*** Opening of Source material ***

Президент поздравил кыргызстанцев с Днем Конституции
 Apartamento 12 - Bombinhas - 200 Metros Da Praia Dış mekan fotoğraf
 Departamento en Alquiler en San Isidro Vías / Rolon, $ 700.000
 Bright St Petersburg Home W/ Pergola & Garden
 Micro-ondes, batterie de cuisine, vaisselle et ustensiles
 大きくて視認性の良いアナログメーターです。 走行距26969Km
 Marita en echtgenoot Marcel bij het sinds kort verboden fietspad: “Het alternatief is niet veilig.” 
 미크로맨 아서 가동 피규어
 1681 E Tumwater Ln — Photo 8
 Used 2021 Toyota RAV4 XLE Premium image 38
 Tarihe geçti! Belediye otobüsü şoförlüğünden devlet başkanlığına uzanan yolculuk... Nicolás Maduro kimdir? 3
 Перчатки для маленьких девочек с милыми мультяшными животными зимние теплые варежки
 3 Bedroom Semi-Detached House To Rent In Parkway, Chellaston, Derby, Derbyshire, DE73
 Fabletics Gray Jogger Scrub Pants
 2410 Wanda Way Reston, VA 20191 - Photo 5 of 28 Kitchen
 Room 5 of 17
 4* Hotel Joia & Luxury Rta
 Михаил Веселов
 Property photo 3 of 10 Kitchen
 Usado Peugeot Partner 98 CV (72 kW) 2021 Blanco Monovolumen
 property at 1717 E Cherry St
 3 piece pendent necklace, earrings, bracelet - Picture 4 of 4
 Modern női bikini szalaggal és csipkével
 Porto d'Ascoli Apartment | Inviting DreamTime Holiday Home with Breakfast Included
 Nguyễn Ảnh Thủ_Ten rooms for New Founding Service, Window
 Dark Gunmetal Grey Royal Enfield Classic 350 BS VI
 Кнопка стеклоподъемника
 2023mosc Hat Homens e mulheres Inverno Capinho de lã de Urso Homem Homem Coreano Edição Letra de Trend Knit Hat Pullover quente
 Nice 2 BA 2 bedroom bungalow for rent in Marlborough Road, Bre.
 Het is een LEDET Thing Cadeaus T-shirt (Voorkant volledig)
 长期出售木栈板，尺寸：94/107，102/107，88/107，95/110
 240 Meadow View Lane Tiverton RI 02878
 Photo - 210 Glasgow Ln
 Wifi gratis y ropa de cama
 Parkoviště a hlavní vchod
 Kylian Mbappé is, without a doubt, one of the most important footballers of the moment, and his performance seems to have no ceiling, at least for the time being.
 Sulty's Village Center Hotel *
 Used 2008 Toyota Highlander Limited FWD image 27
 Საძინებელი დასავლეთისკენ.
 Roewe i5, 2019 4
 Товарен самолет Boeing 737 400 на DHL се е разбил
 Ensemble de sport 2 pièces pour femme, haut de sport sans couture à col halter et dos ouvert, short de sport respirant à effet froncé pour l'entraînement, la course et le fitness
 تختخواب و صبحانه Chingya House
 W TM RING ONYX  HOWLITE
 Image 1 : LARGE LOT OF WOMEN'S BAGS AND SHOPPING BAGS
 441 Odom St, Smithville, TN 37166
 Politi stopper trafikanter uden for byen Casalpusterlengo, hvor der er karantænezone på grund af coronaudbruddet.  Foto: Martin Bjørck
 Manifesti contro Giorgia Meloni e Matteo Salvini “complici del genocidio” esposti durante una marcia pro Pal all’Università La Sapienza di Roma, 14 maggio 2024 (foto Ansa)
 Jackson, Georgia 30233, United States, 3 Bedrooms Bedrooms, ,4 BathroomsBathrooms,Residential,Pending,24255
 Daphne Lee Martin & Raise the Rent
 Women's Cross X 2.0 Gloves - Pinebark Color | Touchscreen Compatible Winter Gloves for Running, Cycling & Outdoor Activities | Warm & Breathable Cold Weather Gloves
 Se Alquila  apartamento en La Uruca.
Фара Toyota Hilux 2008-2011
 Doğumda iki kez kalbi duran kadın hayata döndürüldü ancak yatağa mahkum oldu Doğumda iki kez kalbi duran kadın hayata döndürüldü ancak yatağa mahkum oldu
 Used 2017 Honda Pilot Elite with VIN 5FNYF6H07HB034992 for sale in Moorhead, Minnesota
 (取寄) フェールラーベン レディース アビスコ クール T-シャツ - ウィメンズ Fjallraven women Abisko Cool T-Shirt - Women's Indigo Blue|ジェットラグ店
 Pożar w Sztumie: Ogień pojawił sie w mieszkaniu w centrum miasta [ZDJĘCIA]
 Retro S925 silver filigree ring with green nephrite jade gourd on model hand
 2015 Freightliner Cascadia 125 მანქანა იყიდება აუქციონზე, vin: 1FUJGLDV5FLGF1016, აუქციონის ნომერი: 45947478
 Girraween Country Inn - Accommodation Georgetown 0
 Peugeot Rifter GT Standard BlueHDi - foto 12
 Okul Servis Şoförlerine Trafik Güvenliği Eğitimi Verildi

*** Close of Source material ***

§ **Aim of the task**: Output the lines above exactly, but only those between the line holding "Retro S925 silver" and the line holding "Peugeot Rifter GT Standard BlueHDi - foto 12", inclusive.

§ **Your solution**:
 Retro S925 silver filigree ring with green nephrite jade gourd on model hand
 2015 Freightliner Cascadia 125 მანქანა იყიდება აუქციონზე, vin: 1FUJGLDV5FLGF1016, აუქციონის ნომერი: 45947478
 Girraween Country Inn - Accommodation Georgetown 0
 Peugeot Rifter GT Standard BlueHDi - foto 12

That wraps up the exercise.